1

I've searched and can't find a suitable answer for my Pyspark issue. I'm looking for an alternative approach which is more efficient and doesn't use a UDF.

I have a simple equation in a UDF which has inputs from (a)literal constant, (b)column values, and (c)values from a list (or dict). The output must be created multiple times and stored in an array. Is it possible to do this outside of a UDF?

I've knocked up this simple example, although my actual issue is slightly more complex with more rows, a bigger equation, & loops over 40 times:

NOTE: V3 example question:

from pyspark.sql.functions import *
from pyspark.sql.types import *

test_data = [("A1",10.5), ("A2",40.5), ("A3",60.5)]

schema = StructType([ \
    StructField("ID",StringType(),True), \
    StructField("num1",DoubleType(),True)])
 
df = spark.createDataFrame(data=test_data,schema=schema)

const1 = 10
const2 = 20
num_lst1 = [2.1,4.2,6.3,8.4,10.5]
num_lst2 = [20,40,60,80,100]
num_lst3 = [100.1,200.2,300.3,400.4,500.5]

def udf_whatever(num_lst1,num_lst2,num_lst3):
    def whatever(const1, const2, val1):
        DH = [None for t in range(5)]
        for i in range(5):
            DH[i] = const1+val1+const2+(num_lst1[i]*num_lst2[i])+num_lst3[i]
        return DH
    return udf(whatever, ArrayType(DoubleType()))

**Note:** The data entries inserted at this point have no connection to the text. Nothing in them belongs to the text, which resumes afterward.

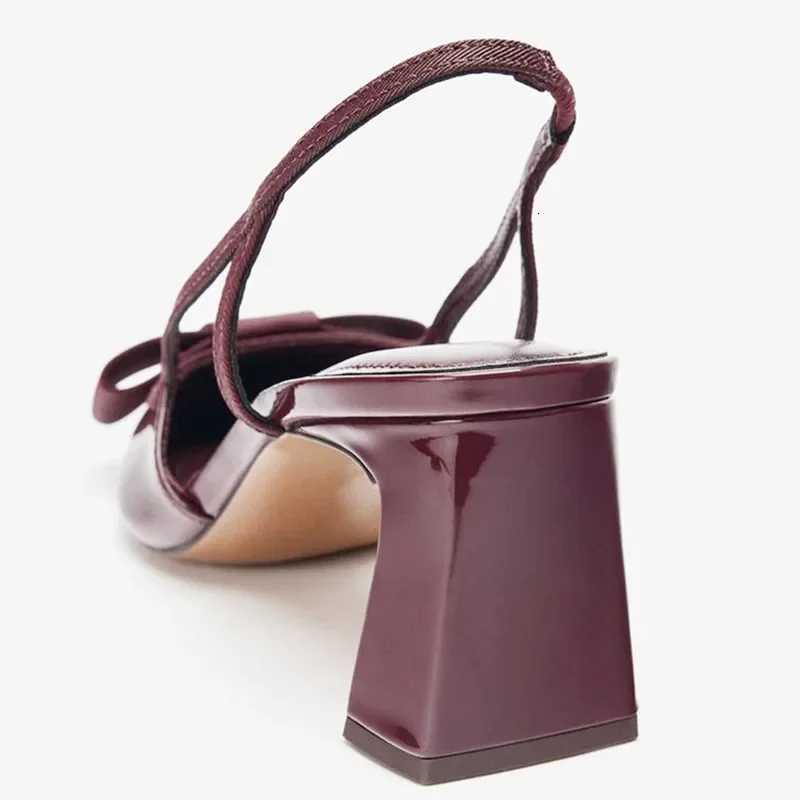 Pointed Patent Leather Sexy Burgundy Toe Pumps Women Fashion Bow Slingback Designer Shoes Elegant Cozy Banquet Dress Shoes H260609 - view 6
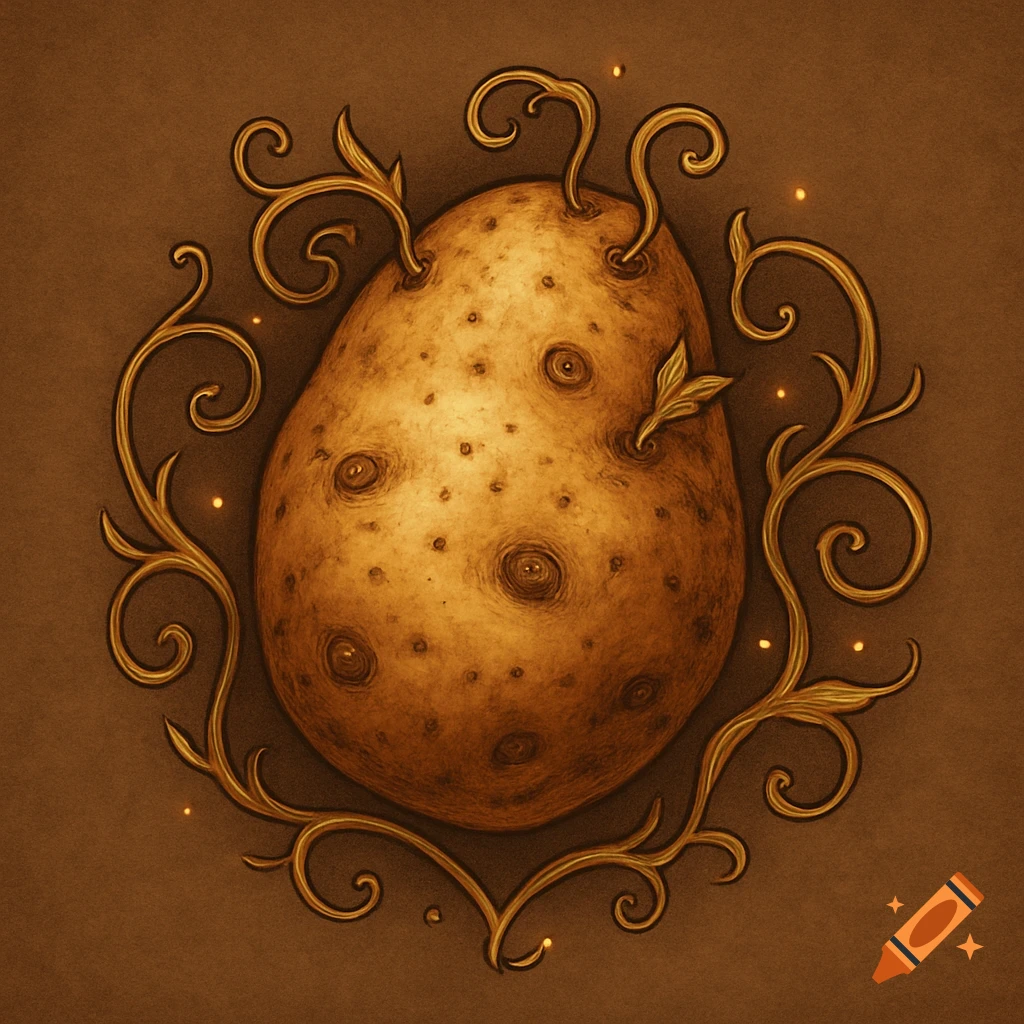 A stylized, textured potato with small sprouts, surrounded by intricate golden swirling vines, on a brown background.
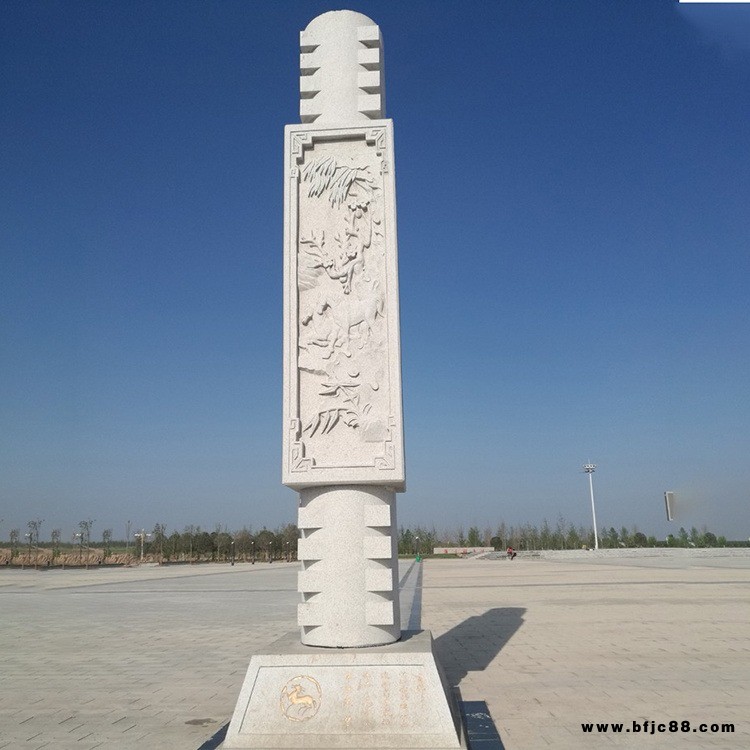 廣場石雕盤龍柱寺廟圖騰柱各種石刻文化柱現(xiàn)代浮雕雕刻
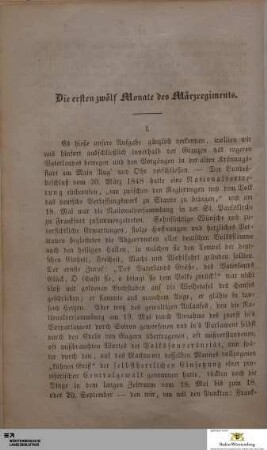 Die ersten zwölf Monate des Märzregiments
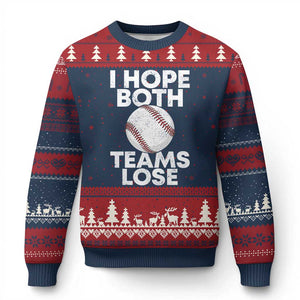 Funny Baseball Meme Ugly Christmas Sweater I Just Hope Both Teams Lost TS10 Navy Red Print Your Wear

df2 = df.withColumn("UDF_OUT",udf_whatever(num_lst1,num_lst2,num_lst3)(lit(const1),lit(const2),col("num1")))
df2.show(truncate=False)

+---+----+-------------------------------------+
|ID |num1|UDF_OUT                              |
+---+----+-------------------------------------+
|A1 |10.5|[182.6, 408.7, 718.8, 1112.9, 1591.0]|
|A2 |40.5|[212.6, 438.7, 748.8, 1142.9, 1621.0]|
|A3 |60.5|[232.6, 458.7, 768.8, 1162.9, 1641.0]|
+---+----+-------------------------------------+

With Emma's help (in comments) I've got this to work but seems a little expensive to create new columns per list, especially with millions of rows. Is there a better way?

df3 = df.withColumn('MAP_LIST1', array(*map(lit, num_lst1)))\
        .withColumn('MAP_LIST2', array(*map(lit, num_lst2)))\
        .withColumn('MAP_LIST3', array(*map(lit, num_lst3)))\
          .withColumn('EQUATION_OUT', expr(f"""transform(MAP_LIST1, (x, i) -> {const1} + num1 + {const2} + (x * MAP_LIST2[i]) + MAP_LIST3[i])"""))
df3.show()

Any help much appreciated! Rick

1 Answers1

1

One way to do this is to use array_repeat and transform.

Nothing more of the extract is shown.